Et nos chats dans tout ça ? Le lolcat témoigne d'une nouvelle étape dans la progression de la civilisation, d'une nouvelle forme d'habitus. Il y a une soumission totale de celui-ci au mignon, au kawaii. Notre habitus ne supporte plus que l'on suggère seulement l'idée d'appliquer une douleur à quelque chose de mignon. En témoigne l'utilisation récurrente du chat mignon lorsqu'il s'agit de lutter contre tout ce que l'on peut considérer comme le mal :



Le "cute" exerce sur nos esprits une puissance démesuré : il est la clef pour nous faire agir, nous contrôler. Il se place à la limite du champ de nos possibles. Il est la force que nous devons respecter. Contrairement à ce qu'avance le professeur Boulet, il ne s'agit pas d'une adaptation génétique, répondant à un processus de sélection darwinienne, mais un processus social, lié à l'économie affective que produit nos modes de vie et de socialisation.

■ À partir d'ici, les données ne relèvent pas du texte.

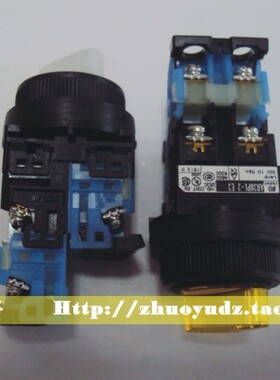 《原装正品》富士  三档/带白炽灯选择开关AR30PL-311E4G 绿色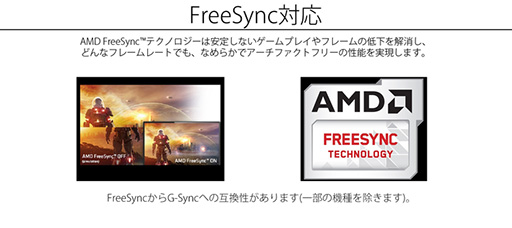 画像ギャラリー No.007のサムネイル画像 / 2560×1440ドットでFreeSync対応の27型液晶ディスプレイがJAPANNEXTから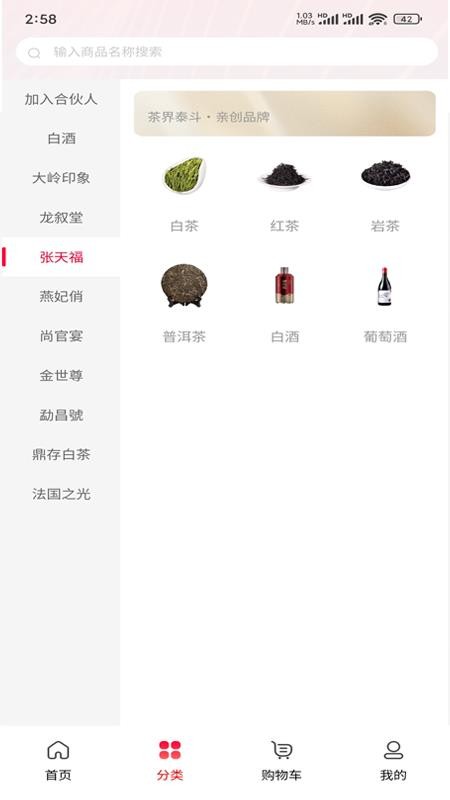 食尚达人app图2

C'est dans cette économie que prend place le lolcat : nos affects nous pousseraient à exploiter les autres formes de vie pour notre propre plaisir, mais notre habitus nous commande de ne pas le faire si ceux-ci sont mignons. Compromis entre cette dualité de l'homme, le lolcat exploite le chat mais en mettant l'emphase sur sa mignonnerie. Ce faisant il renforce le pouvoir de celui-ci : à chaque nouvelle image, le lolcat nous rend un peu plus sensible au pouvoir du mignon, nous rend un peu plus soumis à notre habitus.

Mécanisme de civilisation, comme on peut s'en rendre compte, le lolcat a sans doute d'autres conséquences sociales dont nous devons nous efforcer de faire l'archéologie pour mieux comprendre notre futur. Car on peut se demander quelles inégalités vont naître cette reconfiguration de nos habitus autour du kawaii. Il n'est pas inenvisageable que les futures classes et strates sociales se réorganise autour de cette ressource si mal répartie : le pouvoir de provoquer chez l'autre l'émotion du chat qui se roule en boule. De grands changements sont en cours. La sociologie doit prendre à bras le cours la question du lolcat.